## [Task description]
Your task is to retype, exactly and without pictures, the line holding "100+ Homemade Jam" and each line that follows it to the end of the entries.

BEGIN

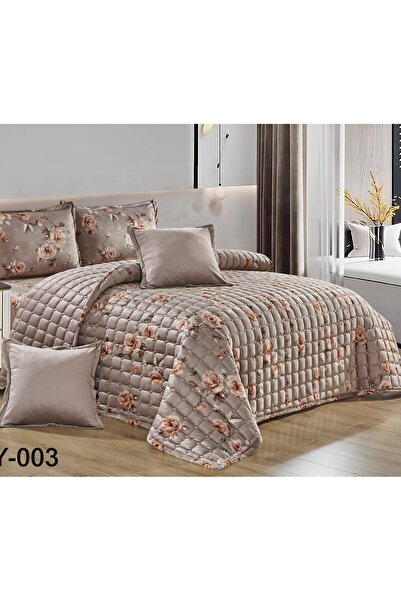 alzawia طقم لحاف مفرش سرير نفرين مضغوط بتصميم سادة فندقي ليمنحك صيف منعش مقاس...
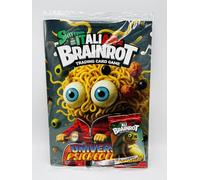 manuelkant Album de classeur vide + sachet pour la collecte de cartes à collectionner Skifidol Italian Brainrot TCG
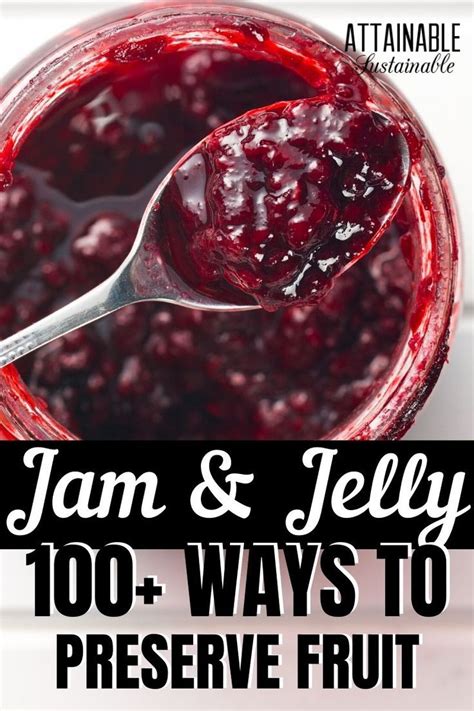 100+ Homemade Jam & Jelly Recipes | Jelly recipes, Homemade jam, Jam recipes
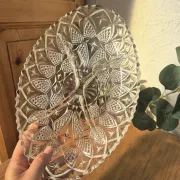 Plat compartimenté vintage
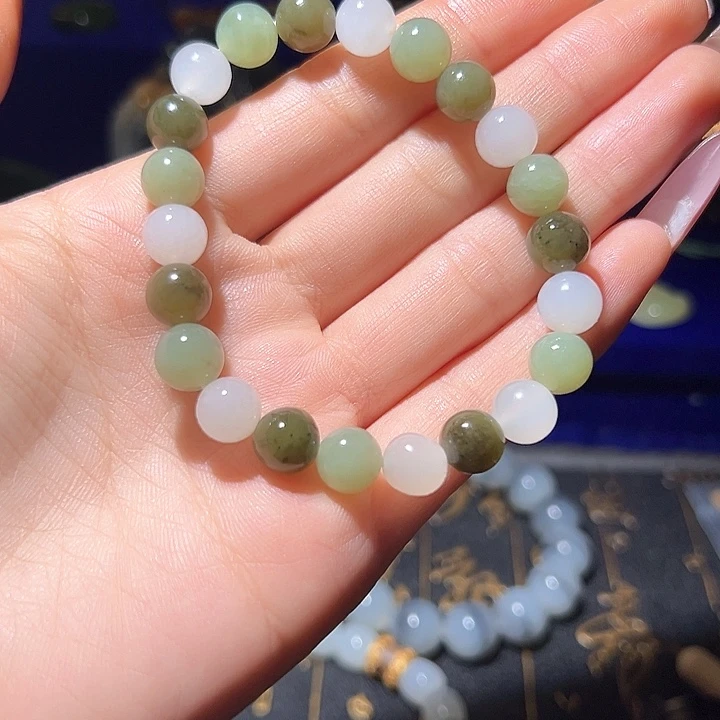 和田玉（糖玉）未镶嵌手链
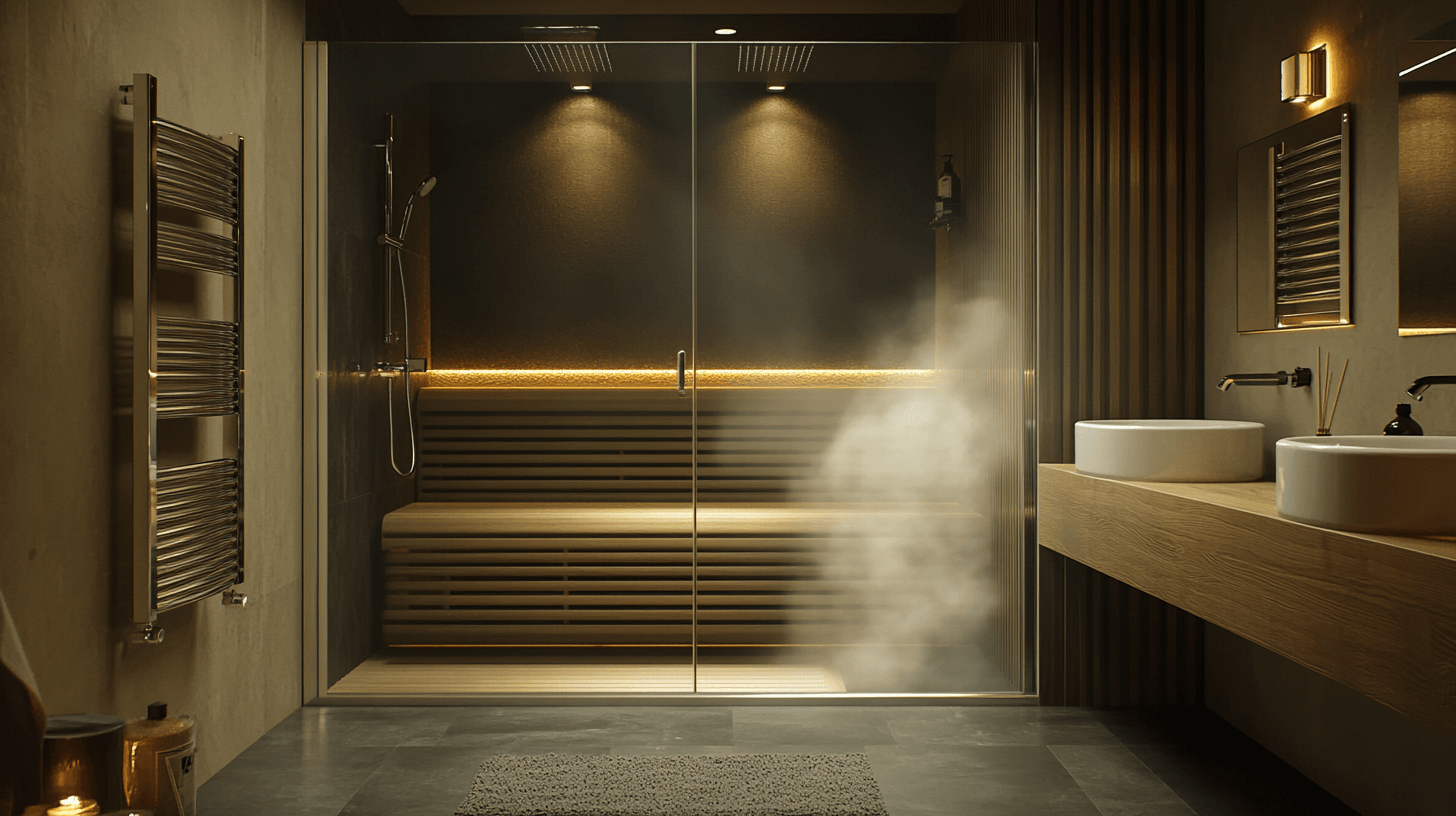 Salle de bain avec sauna intégré : Vivez le bien-être à domicile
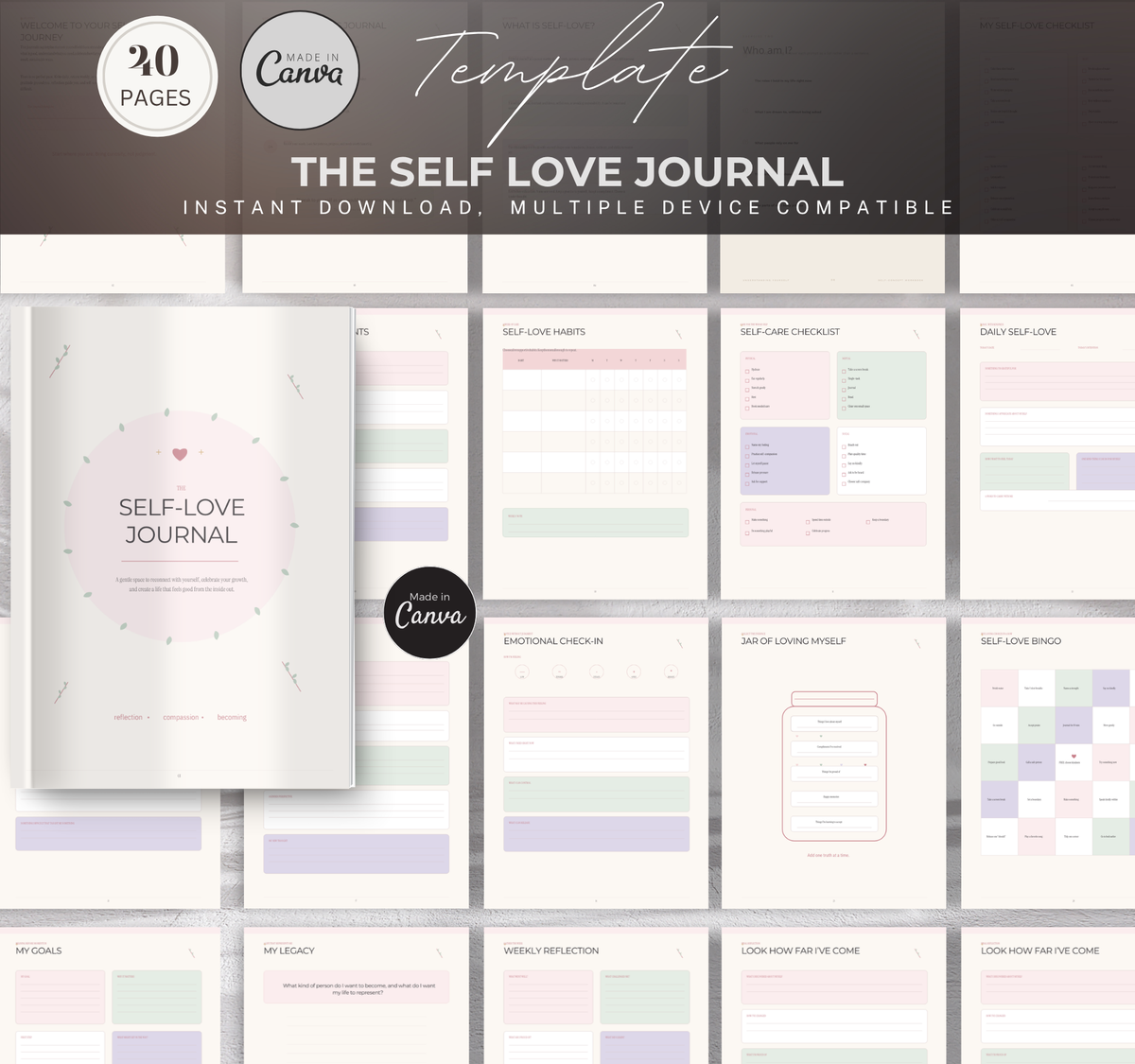 The Self Love Journal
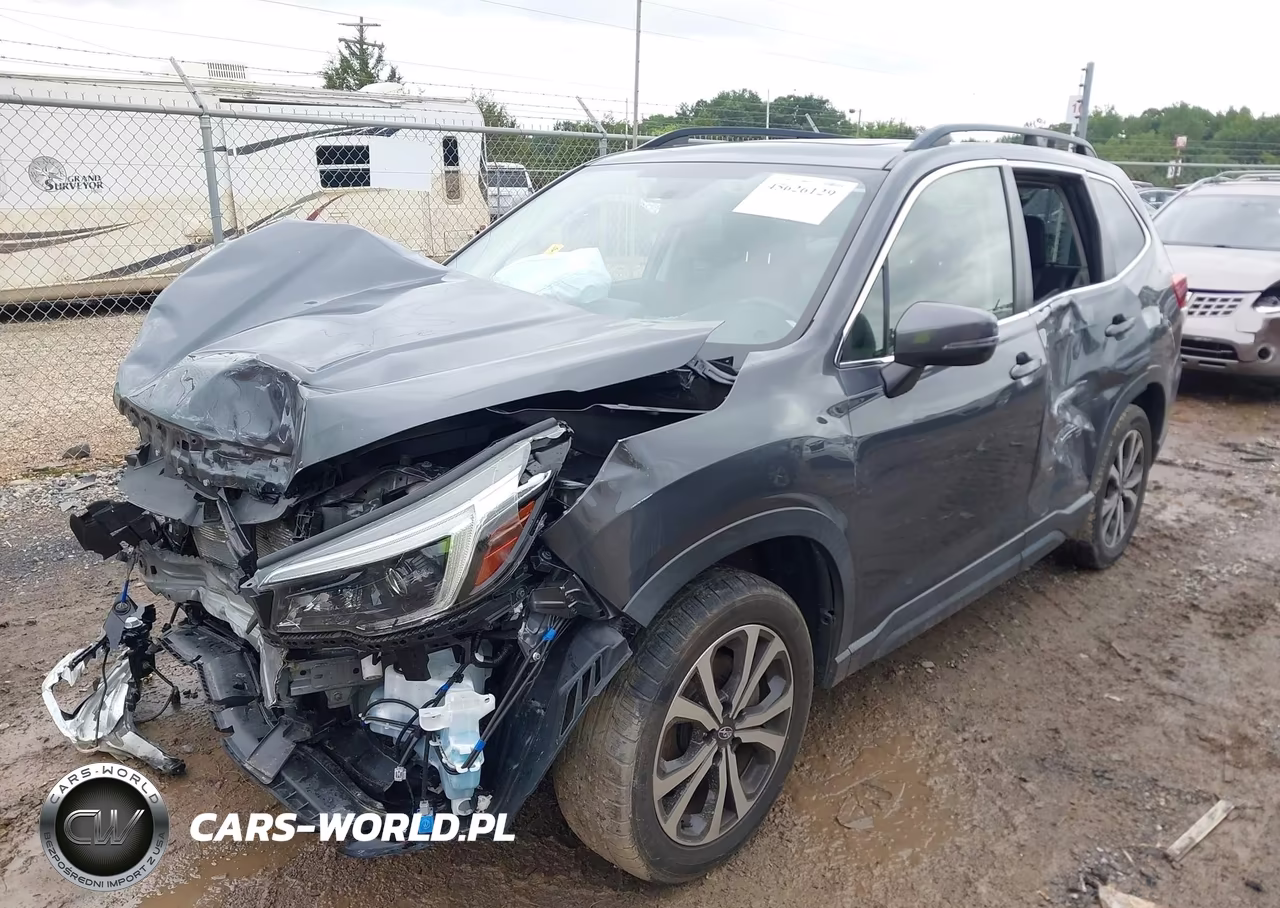 2021 Subaru Forester Limited VIN:JF2SKAUC4MH469324 - 2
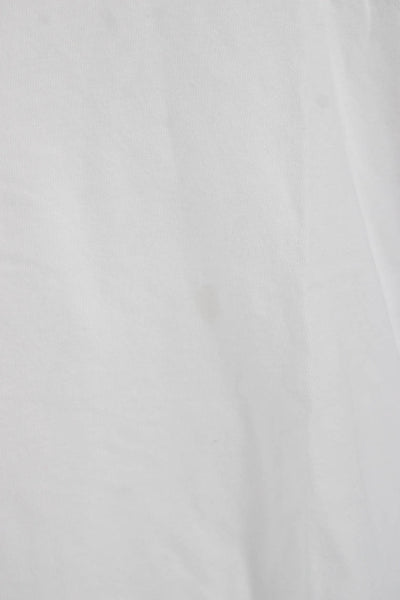 Lululemon Women White Basic Sleeveless Tank Polyester Round Neck Size S
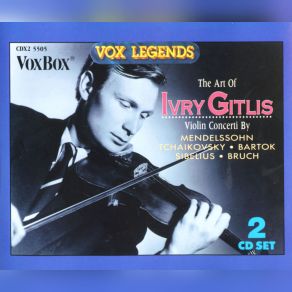 Download track Sibelius: Violin Concerto In D Minor, Op. 47: II. Adagio Di Molto Ivry Gitlis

END

## [Solution below]
 100+ Homemade Jam & Jelly Recipes | Jelly recipes, Homemade jam, Jam recipes
 Plat compartimenté vintage
 和田玉（糖玉）未镶嵌手链
 Salle de bain avec sauna intégré : Vivez le bien-être à domicile
 The Self Love Journal
 2021 Subaru Forester Limited VIN:JF2SKAUC4MH469324 - 2
 Lululemon Women White Basic Sleeveless Tank Polyester Round Neck Size S
 Download track Sibelius: Violin Concerto In D Minor, Op. 47: II. Adagio Di Molto Ivry Gitlis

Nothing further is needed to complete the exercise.